* What to produce:
Every line from the one with "Blue Mermaid Kids Running Shoes" through the last line below should be repeated exactly; pictures stay out of the copy.

* Data section:
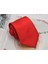 Iş Amaçlı Gündelik Erkek Kravat, Polyester Ipek Dimi, El Yapımı Düz Renk Kravat, Kırmızı (Yurt Dışından) 3
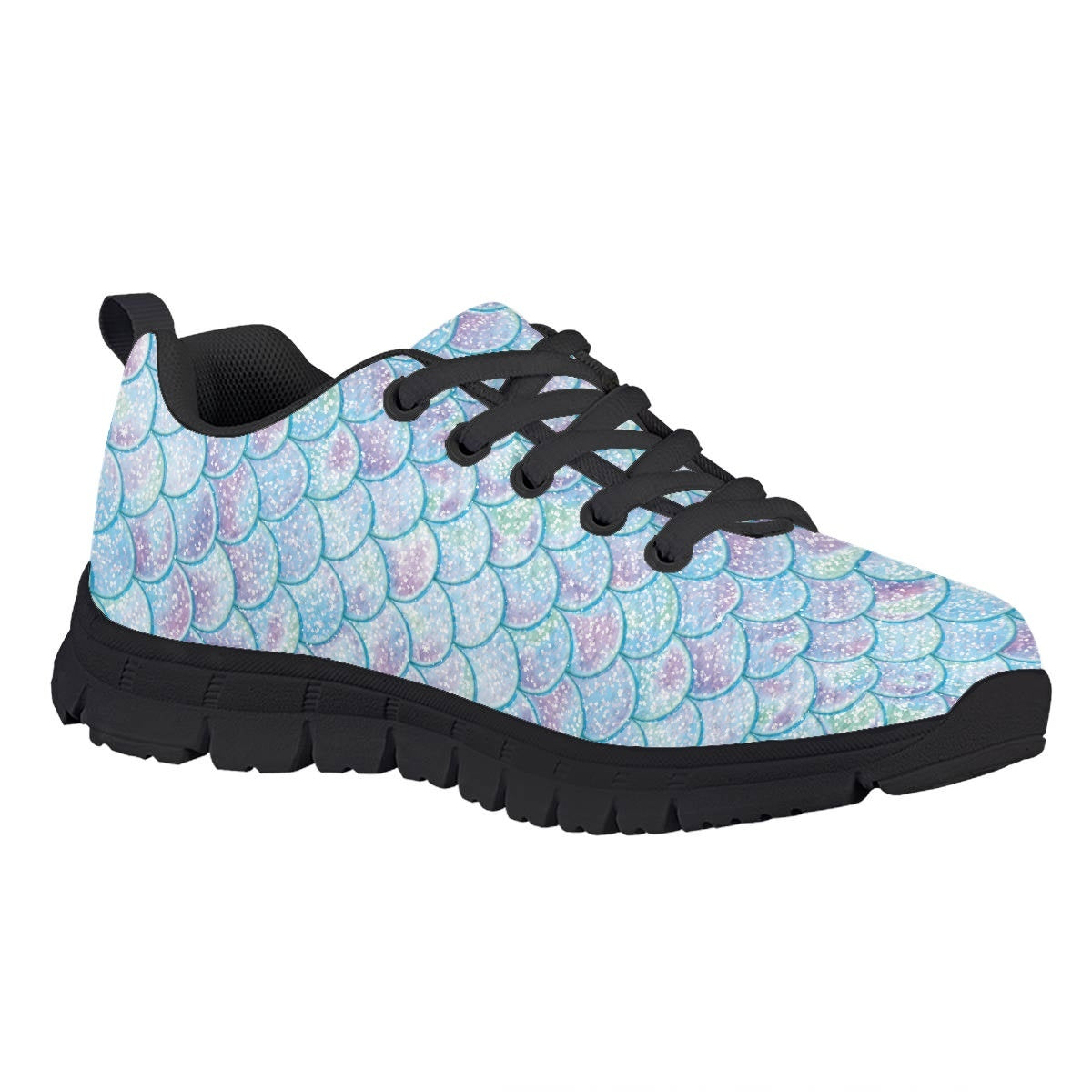 Blue Mermaid Kids Running Shoes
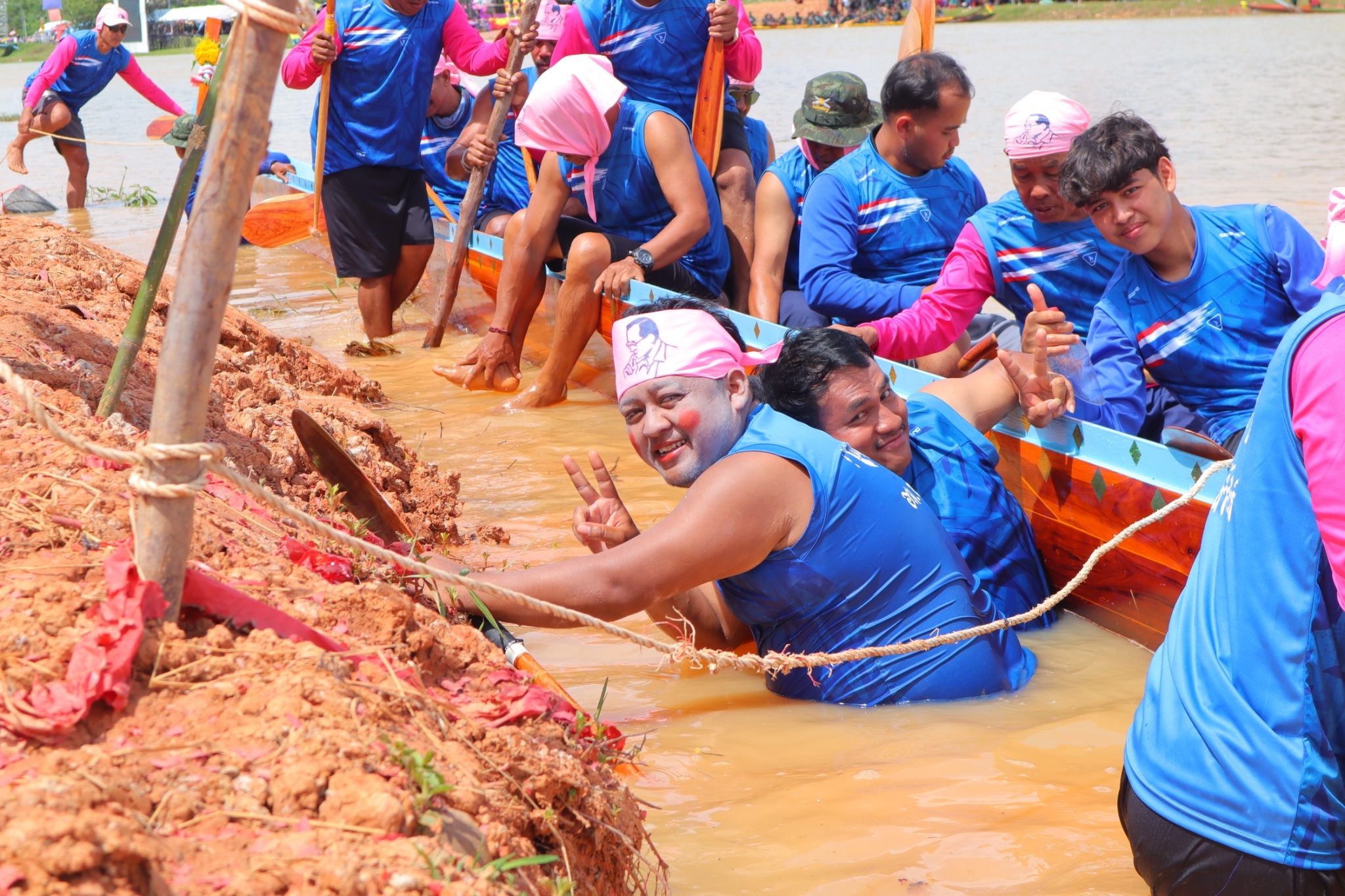 โครงการเข้าร่วมการแข่งขันเรือยาวคลองหัววัง-พนังตัก ประจำปี 2566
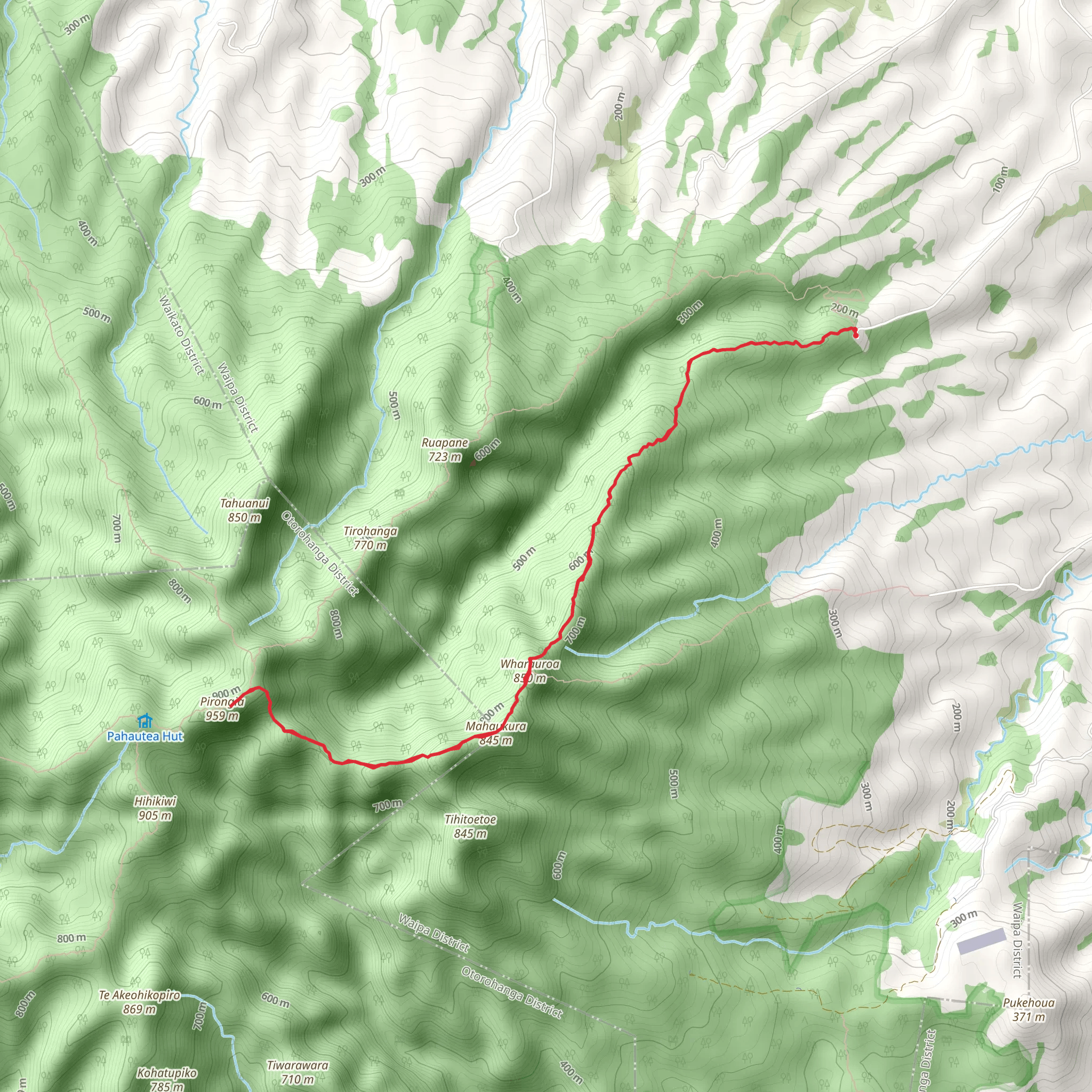 Mahaukura Track mobile static map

* Your solution:
 Blue Mermaid Kids Running Shoes
 โครงการเข้าร่วมการแข่งขันเรือยาวคลองหัววัง-พนังตัก ประจำปี 2566
 Mahaukura Track mobile static map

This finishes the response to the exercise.